Disney has been dead for 40 years. In the years since, historians and pop culture students alike have debated Disney endlessly, some convinced that he was as dark a character as his witches and sorcerers.
Enter Neal Gabler, author of the indispensable An Empire of Their Own: How the Jews Invented Hollywood, and other books of film and cultural history, who was granted unrestricted access to the vast Disney archive on the sole condition that he write a "serious" book. That he has certainly done. He has much to say that might have made Disney uncomfortable, but he also exonerates him of long-standing charges, the most serious that he was an anti-Semite. Disney was not, Gabler argues, explaining how such charges came to be leveled.
Disney took a long road from Marceline resident to cultural icon, which Gabler carefully traces through the pages of his very long but unfailingly readable book. Driven by a strange and unhappy family – always a motivation to succeed at something and then get far away – Disney founded an advertising cartooning firm, then a partnership with an oddly named fellow, Ub Iwerks (or, formally, Ubbe Iwwerks), to make animations. The new studio was soon recognized as one of the best in the business, but thanks to Disney's free-spending ways, it always was on the edge of bankruptcy. It remained so when the studio moved to Hollywood.

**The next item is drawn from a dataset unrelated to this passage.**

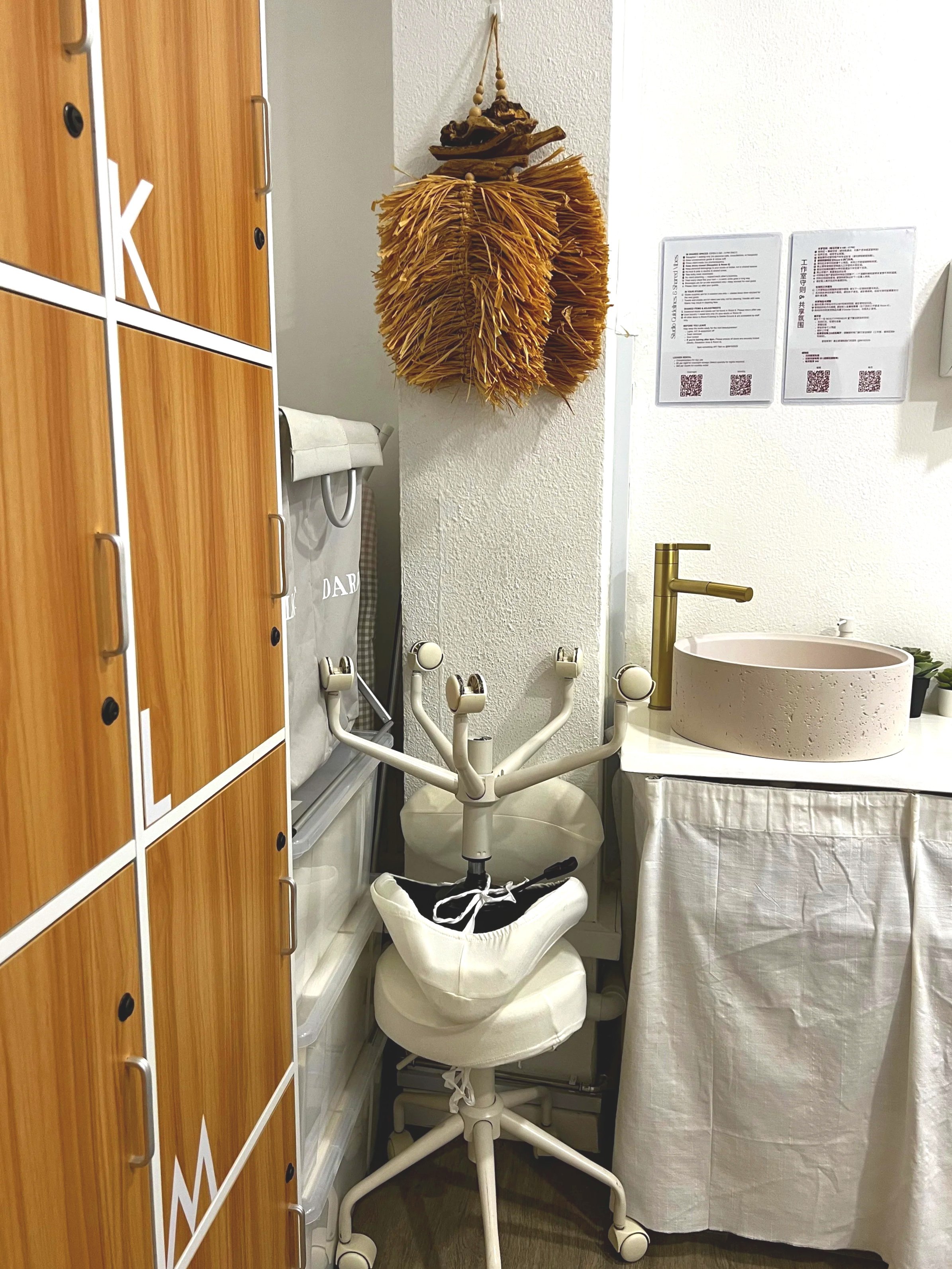 A small corner of a room with a wooden cabinet on the left, an office chair with a cloth covering the seat and a white headrest, a hanging dried plant or decorative item on the wall, a white sink with a gold faucet on a table with a white cloth, and some posters on the wall.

Following one painful negotiation that almost cost him his company, Disney cobbled together ideas from many sources and came up with Mickey Mouse, whose immediate appeal was that he was both recognizable and easy to draw. "Mickey Mouse was the product of desperation and calculation," Gabler writes, "the desperation born of Walt Disney's need to re-create an animation sanctuary and the calculation of what the market would accept."
The market accepted Mickey, and Disney's studio was on its way, making a succession of brilliant animations that thrilled Depression audiences: The Three Little Pigs, Snow White and the Seven Dwarfs, Bambi, Pinocchio. The money rolled in, but, as Gabler notes, Disney "was not much of a businessman, and he cared nothing for money except as a means to an end." He kept tight, micro-managerial control over the studio otherwise, though, and the friendly figure he portrayed for all those years on The Wonderful World of Disney was not at all the man his employees saw.
His perfectionism alone – Snow White was a years-long exercise in obsession – was guaranteed to cause friction, and when long hours combined with middling wages to send his artists out on strike, Disney transformed. Formerly apolitical, he became convinced that "the enemy was Communism . . . that had sneaked into Hollywood like a Trojan horse to promote values deleterious to democracy," and to destroy all that he had worked for.
Disney's allies in the new family values fight, which has never ended, included an odd assortment of far-right types. Some were anti-Semitic. Thus was Disney tarred by his own vigorous brush. And thus it is that the mere mention of Disney can rekindle decades-old controversies today.
That the famed artist and filmmaker was a genius, Gabler urges, there is no doubt. He made transformative movies that endure, that most of us carry somewhere in our memories, but did not always produce happy results in other aspects of life.